• _About this task_
Look below for the line that contains "Buitenkeuken en terras" and the line that contains "CONJUNTO BLUSA BATA", then restate both of them and every line in between, exactly. No picture goes in the copy.

• _Information provided_
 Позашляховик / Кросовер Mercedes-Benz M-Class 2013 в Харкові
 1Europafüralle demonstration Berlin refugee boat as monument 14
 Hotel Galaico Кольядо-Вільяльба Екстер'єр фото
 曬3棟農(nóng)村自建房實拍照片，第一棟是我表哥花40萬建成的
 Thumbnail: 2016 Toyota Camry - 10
---
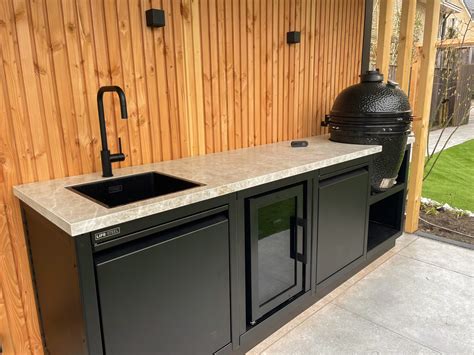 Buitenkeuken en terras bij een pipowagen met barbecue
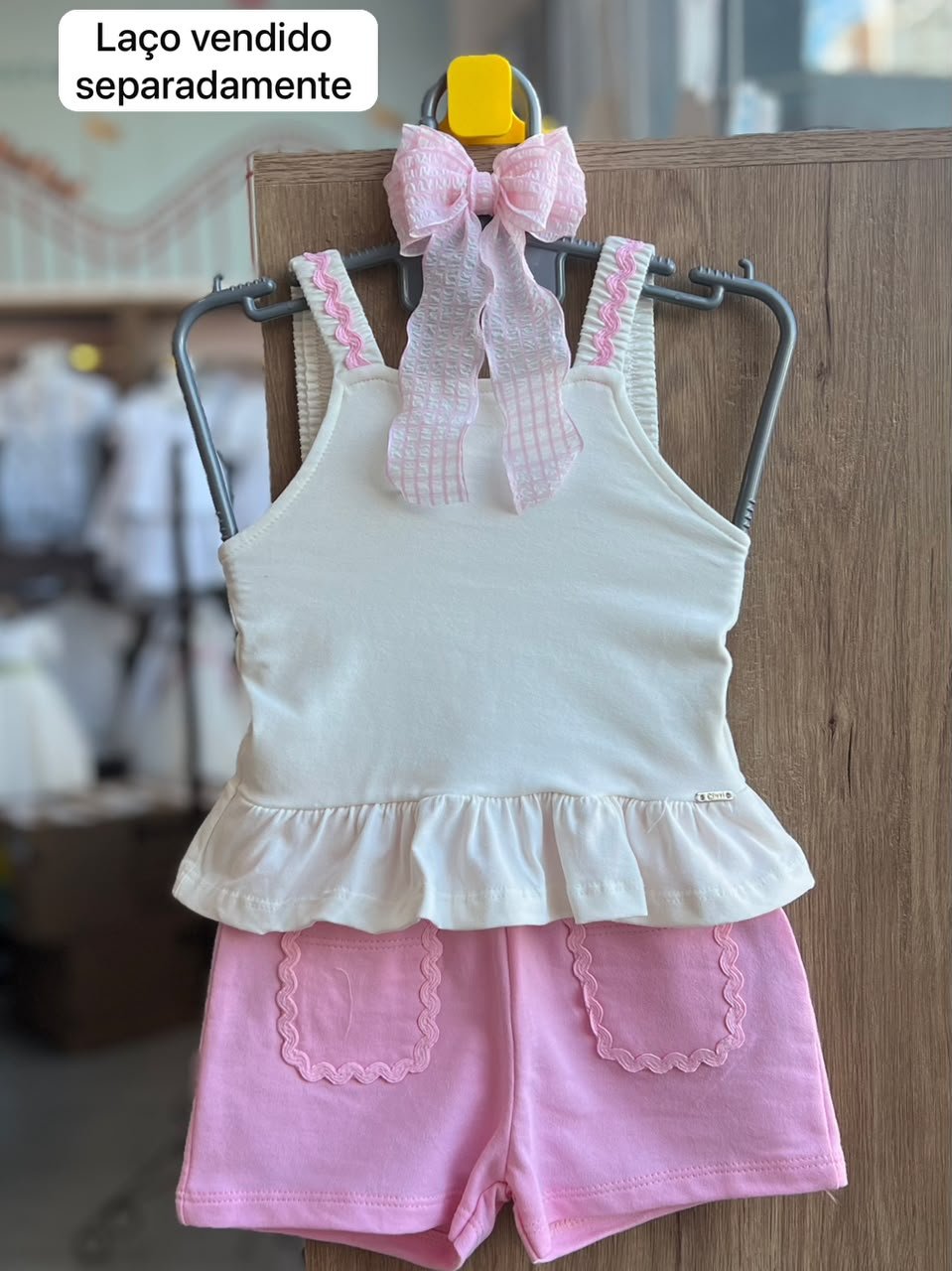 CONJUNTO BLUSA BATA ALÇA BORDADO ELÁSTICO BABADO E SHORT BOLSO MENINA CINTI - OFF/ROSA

• _Solution for this exercise_
 Buitenkeuken en terras bij een pipowagen met barbecue
 CONJUNTO BLUSA BATA ALÇA BORDADO ELÁSTICO BABADO E SHORT BOLSO MENINA CINTI - OFF/ROSA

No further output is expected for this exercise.